The data START
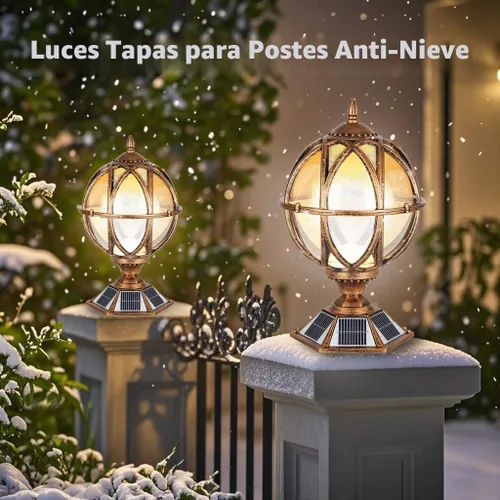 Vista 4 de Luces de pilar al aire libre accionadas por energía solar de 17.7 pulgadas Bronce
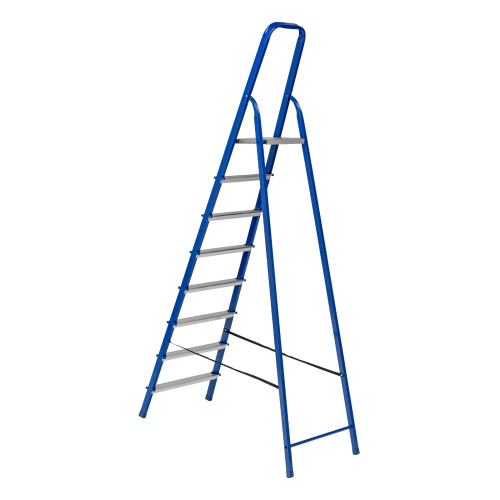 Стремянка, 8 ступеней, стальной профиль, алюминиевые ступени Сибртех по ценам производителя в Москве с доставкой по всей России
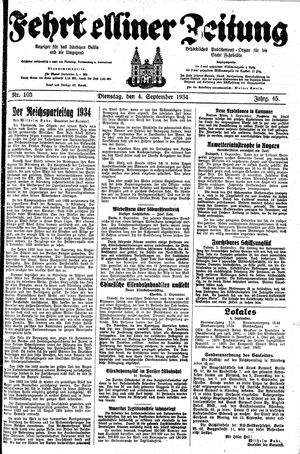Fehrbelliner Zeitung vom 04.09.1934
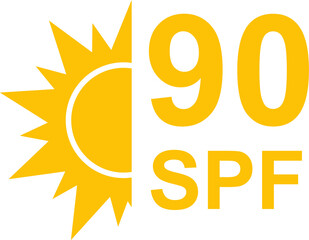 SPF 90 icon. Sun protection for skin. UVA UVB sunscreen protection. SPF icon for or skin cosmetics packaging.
The data END
__Activity__
Return an exact copy of the data above, apart from any pictures.

__Task response__
 Vista 4 de Luces de pilar al aire libre accionadas por energía solar de 17.7 pulgadas Bronce
 Стремянка, 8 ступеней, стальной профиль, алюминиевые ступени Сибртех по ценам производителя в Москве с доставкой по всей России
Fehrbelliner Zeitung vom 04.09.1934
 SPF 90 icon. Sun protection for skin. UVA UVB sunscreen protection. SPF icon for or skin cosmetics packaging.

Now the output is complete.